Говорил и держался он естественно и просто. Конни переступила порог маленькой мрачноватой комнаты.
— Мне всего лишь нужно передать вам поручение сэра Клиффорда, — проговорила она по обыкновению тихо, чуть с придыханием.
А мужчина стоял рядом и смотрел. Голубые глаза его примечали все, Конни даже пришлось отвернуть лицо. «Какая милая женщина, застенчивость красит ее еще больше», — подумал он и с ходу взял инициативу в свои руки.
— Может, присядете? — спросил он, не надеясь на согласие. Дверь оставалась открытой.
— Нет, спасибо. Сэр Клиффорд просил… — и она передала мужнино поручение, безотчетно глядя ему прямо в глаза. А в них столько тепла, столько доброты, чудесной, теплой доброты, обращенной к женщине просто и естественно.
— Понял, ваша милость, сейчас же займусь.
И враз все в нем переменилось — он посуровел и отдалился, будто сокрылся за стеклянной стеной. Пора уходить, но Конни мешкала — беспокоен был ее дух. Она оглядела чистую, уютную, хотя и мрачноватую маленькую гостиную.
— Вы здесь совсем один живете? — спросила она.
— Совсем один, ваша милость.
— А матушка…
— Она — в деревне, у нее там дом.
— И девочка с ней?
— И девочка.
И простое усталое лицо тронула Непонятная усмешка.

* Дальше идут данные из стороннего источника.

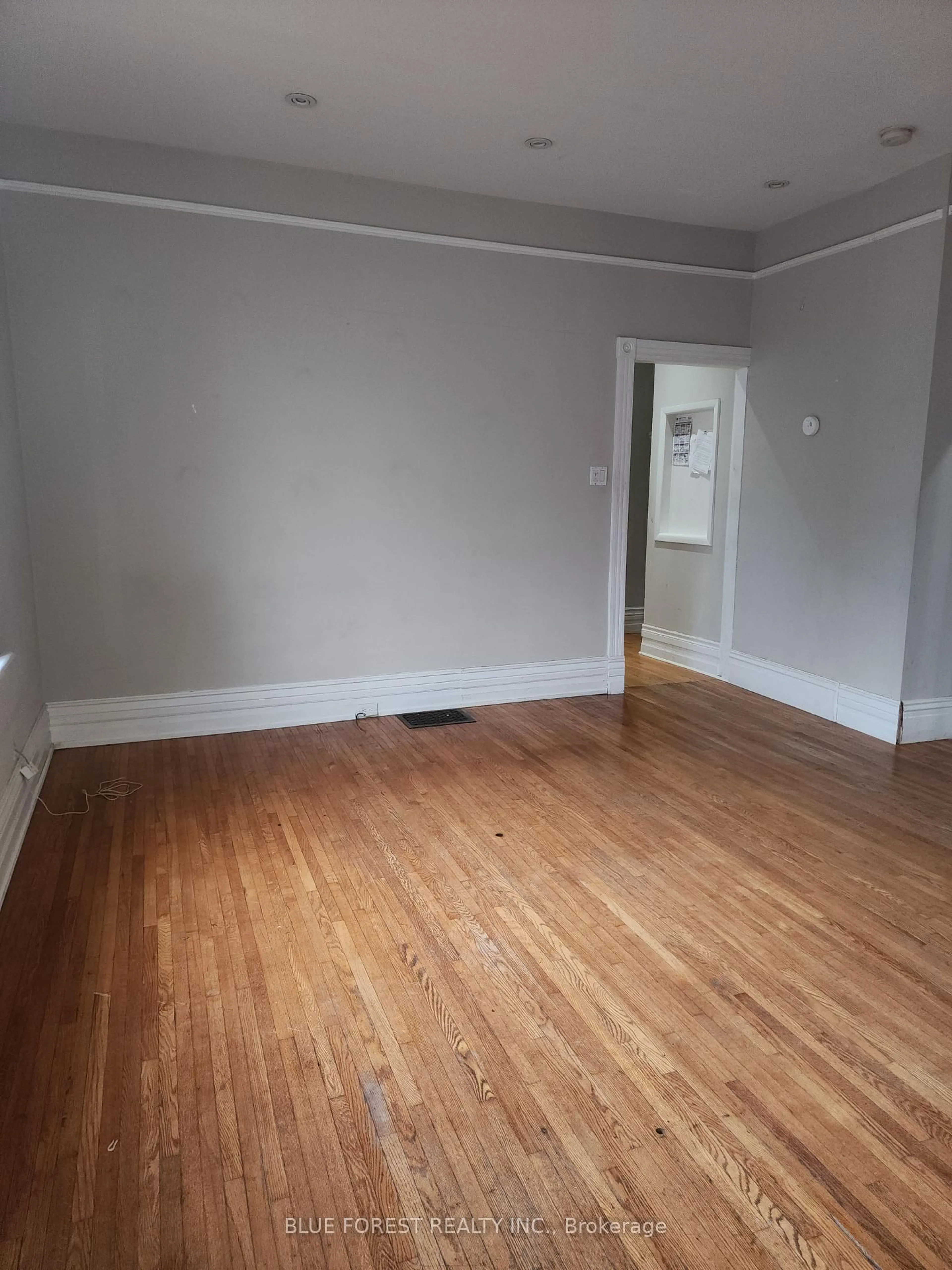 A pic of a room for 865 William St, London East Ontario N5Y 2S5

Переменчивое лицо, обманчивое лицо.
Увидев, что Конни недоумевает, он пояснил.
— Не думайте, по субботам мать приходит, прибирает в доме. Со всем остальным сам управляюсь.
Еще раз Конни взглянула на него. Он улыбался глазами, чуть насмешливо, но в голубых озерцах все же осталась теплая доброта. Конни не переставала ему удивляться. Вот он стоит перед ней, в брюках, в шерстяной рубашке, при галстуке, мягкие волосы еще не высохли, лицо бледное и усталое. Угасла улыбка в глазах, но теплота осталась, и проглянуло за ней страдание — трудная, видно, выпала этому человеку доля. Но вот взгляд подернулся дымкой отчуждения — словно и не беседовал он только что с милой и приятной женщиной.

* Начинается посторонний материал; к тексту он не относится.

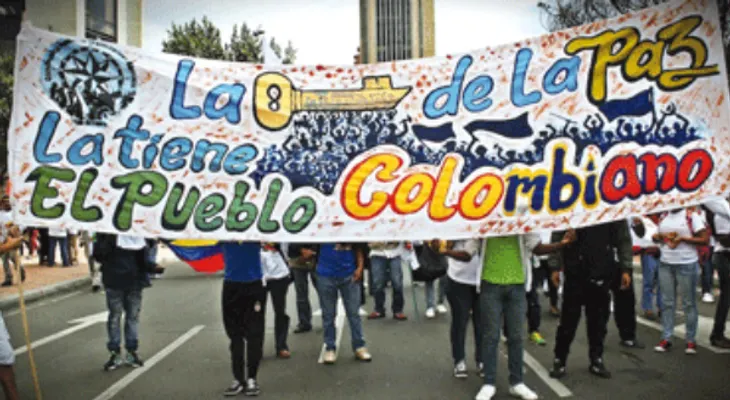 Oposición marcha contra el proceso de paz de Colombia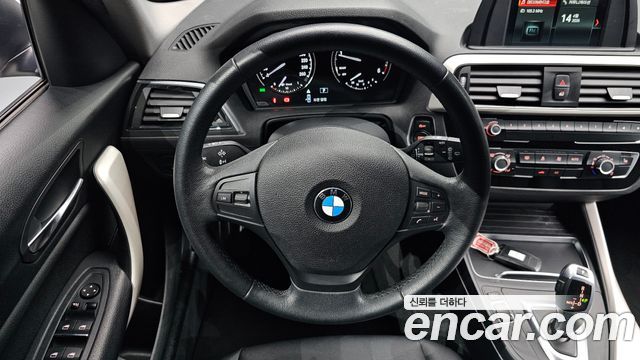 BMW 1-Series 2018 — photo 19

А Конни хотелось так много ему сказать, но она сдержалась. Лишь взглянула на него и обронила:
— Надеюсь, я не очень помешала вам?
Чуть сощурились глаза в едва приметной усмешке.
— Разве что причесываться. Простите, я без пиджака, но я и не предполагал, кто ко мне постучит. Никто никогда вообще не стучит, а любой непривычный звук пугает.

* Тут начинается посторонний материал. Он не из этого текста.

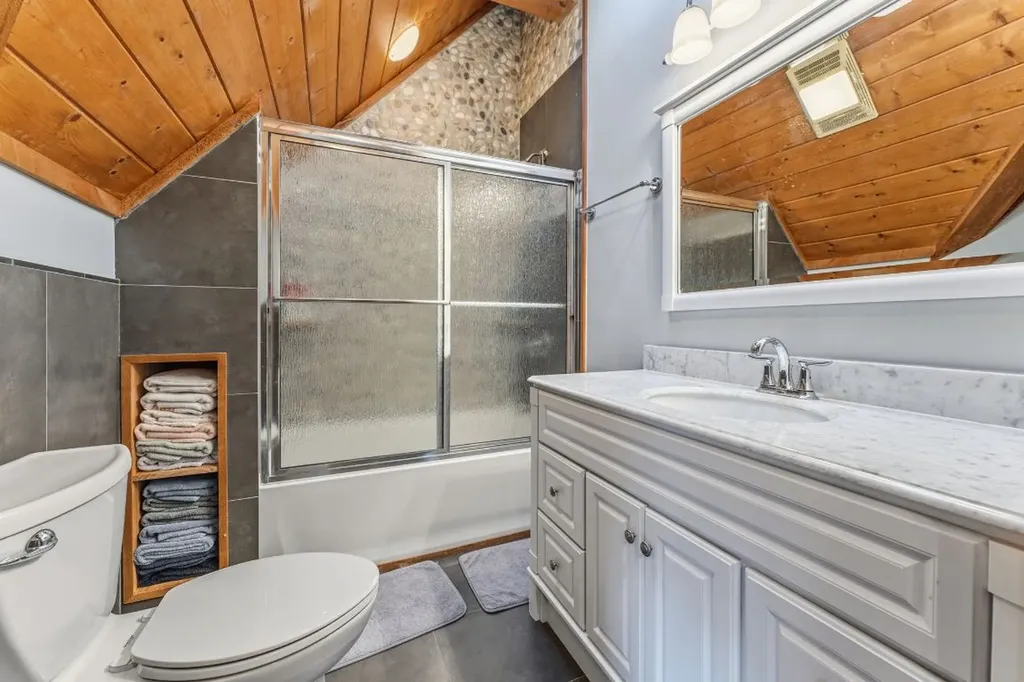 36 Heavens Gate Lane Glenville NC 28736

Он пошел по тропинке впереди, чтобы открыть калитку. Без неуклюжей плисовой куртки, в одной рубашке, он, как и получасом раньше, со спины показался ей худым и чуть сутулым. Но поравнявшись с ним, она почуяла его молодость и задор — и в непокорных светлых вихрах, и в скором взгляде. Лет тридцать семь, тридцать восемь, не больше.